**What you have to do**
Your copy should start at the line with "Shree Siddheshwar Highdeck Brochure Image 11" and end at the line with "The Creator - Lut" in the data below. Transcribe only those lines, exactly, pictures excluded.

[[ Data records, beginning ]]

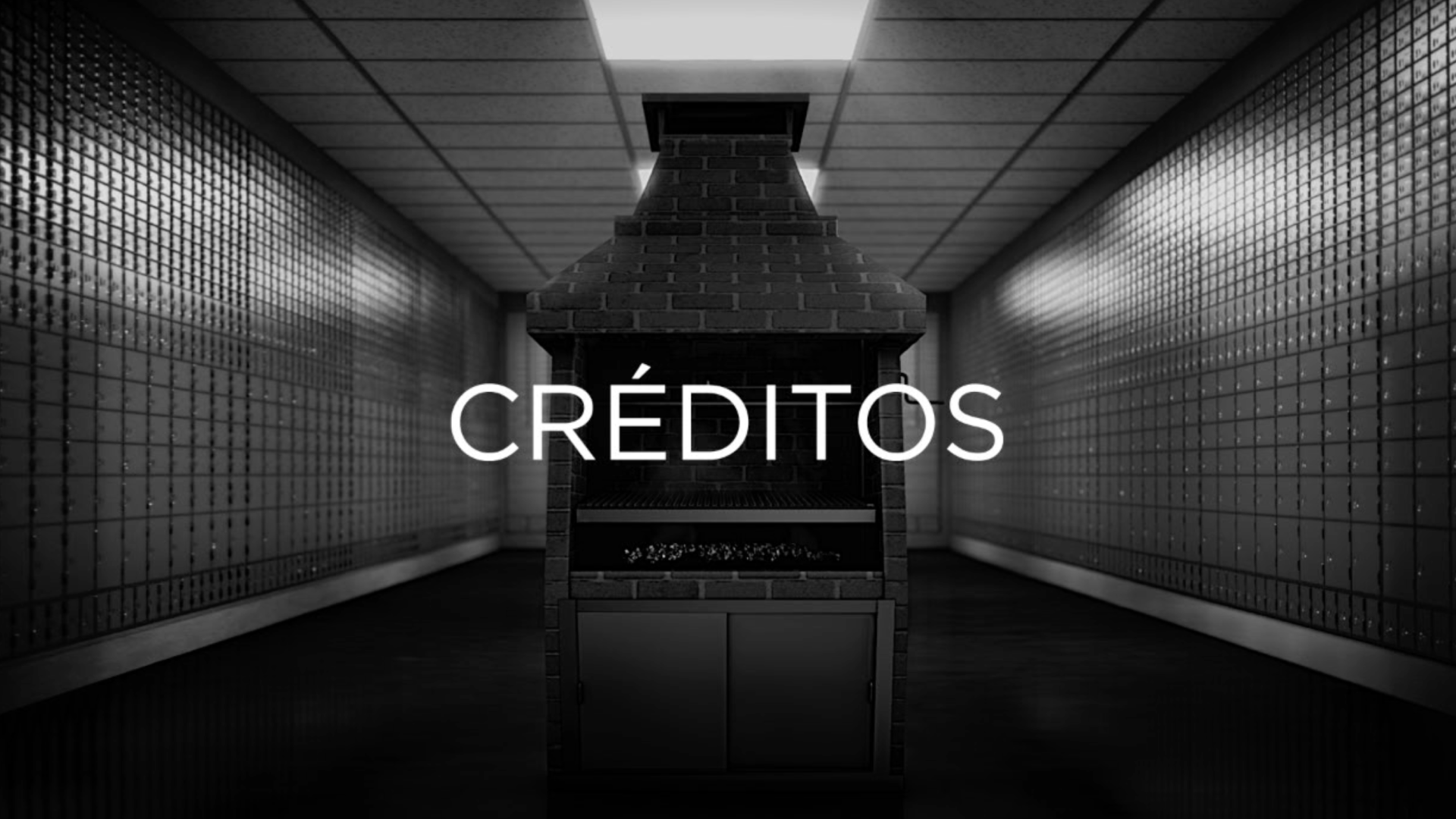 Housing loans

[[ Data records, end ]]
[[ Data records, beginning ]]

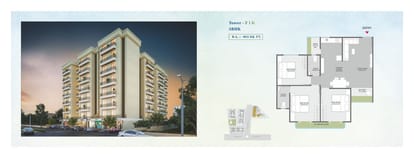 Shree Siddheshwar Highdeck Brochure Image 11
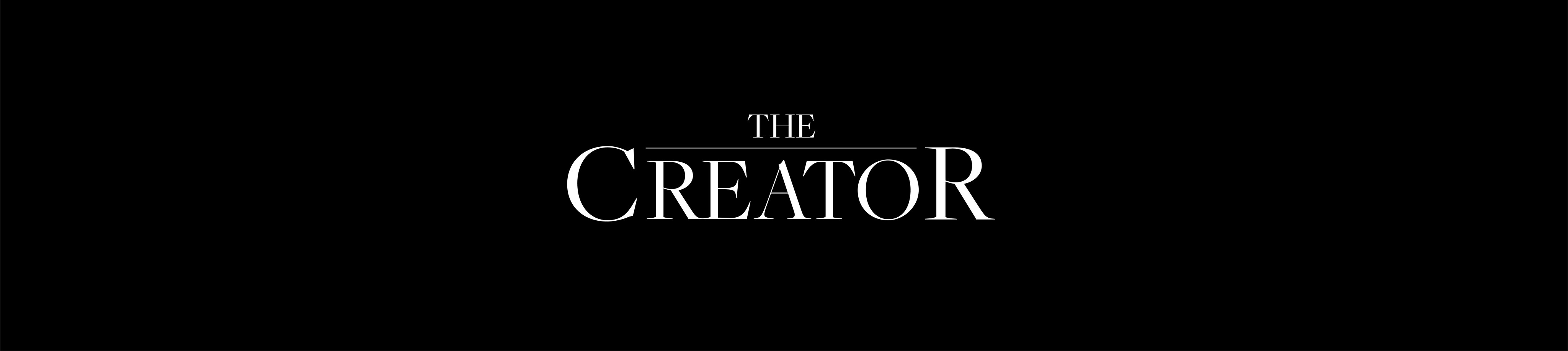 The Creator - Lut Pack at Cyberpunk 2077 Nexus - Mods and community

[[ Data records, end ]]
[[ Data records, beginning ]]

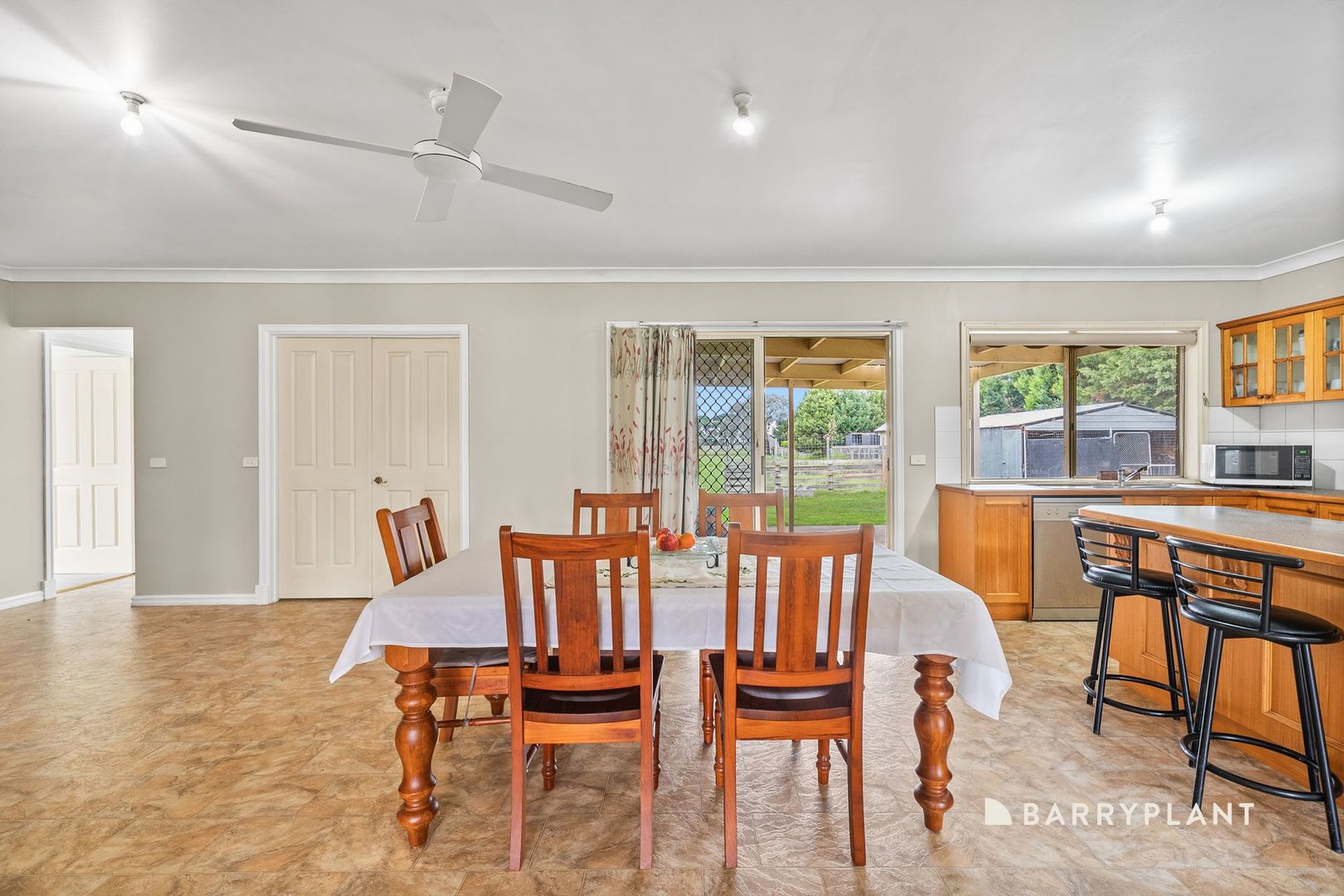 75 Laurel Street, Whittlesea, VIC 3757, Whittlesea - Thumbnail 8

[[ Data records, end ]]

**Finished task**
 Shree Siddheshwar Highdeck Brochure Image 11
 The Creator - Lut Pack at Cyberpunk 2077 Nexus - Mods and community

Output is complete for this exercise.